GIVEN ENTRIES:
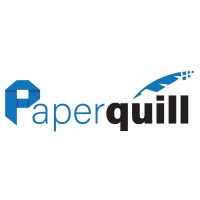 PaperQuill logo - Similar company to Paperquill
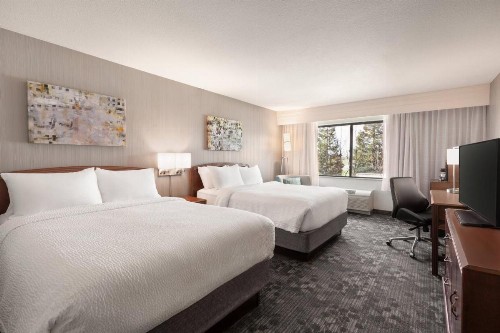 Courtyard by Marriott San Jose South/Morgan Hill - image 21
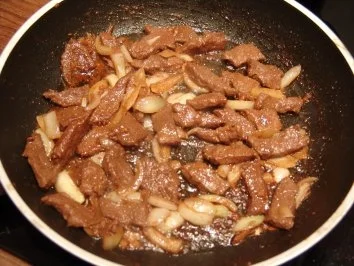 Chinese Beef - Rezept - Bild Nr. 2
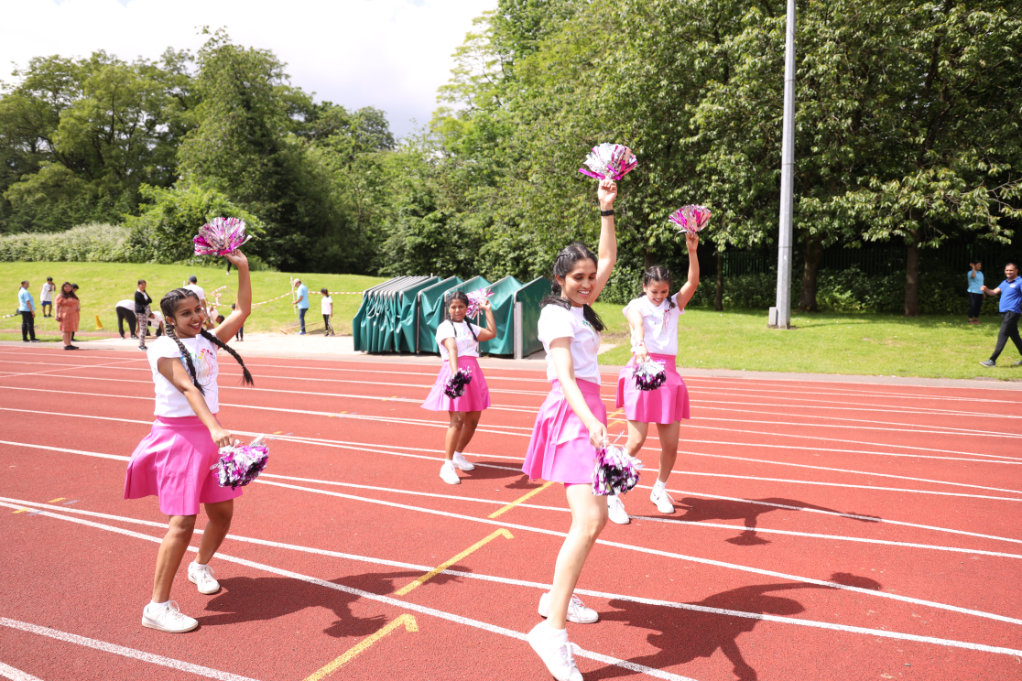 KCA UK Intercity Athletics Meet 2024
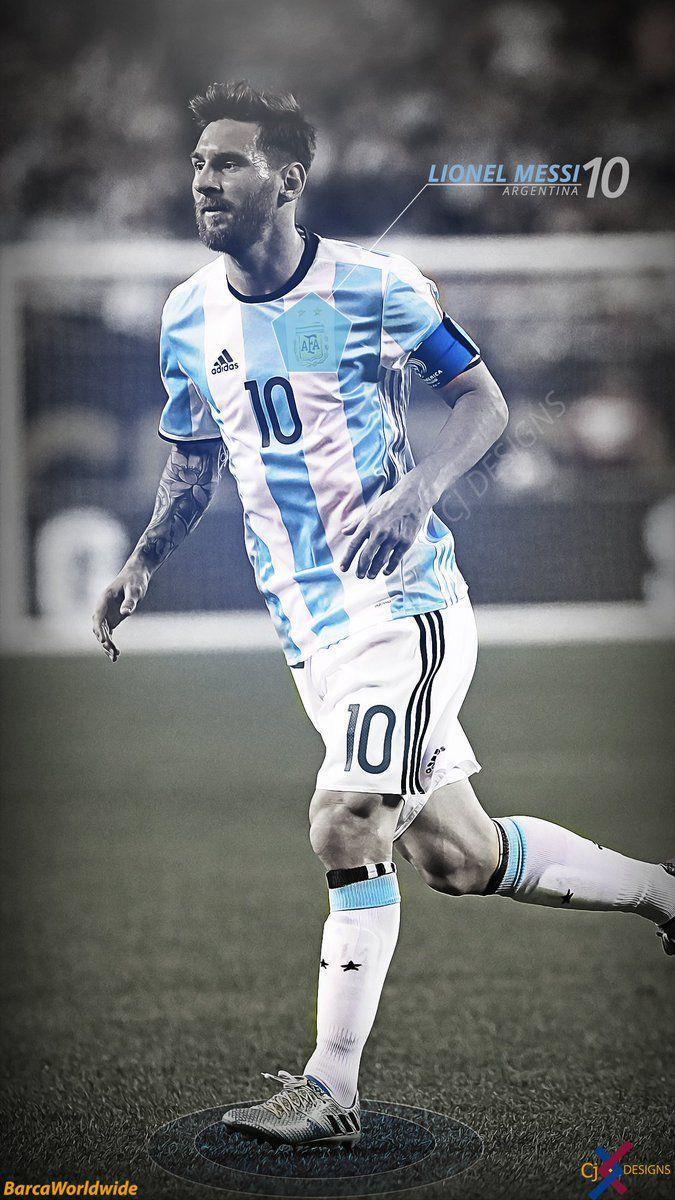 mesqueunclub.gr: Wallpaper, Lionel Messi With Argentina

TASK INSTRUCTIONS:
Word for word, set down every line of the records above, and leave the pictures out.

ANSWER SECTION:
 PaperQuill logo - Similar company to Paperquill
 Courtyard by Marriott San Jose South/Morgan Hill - image 21
 Chinese Beef - Rezept - Bild Nr. 2
 KCA UK Intercity Athletics Meet 2024
 mesqueunclub.gr: Wallpaper, Lionel Messi With Argentina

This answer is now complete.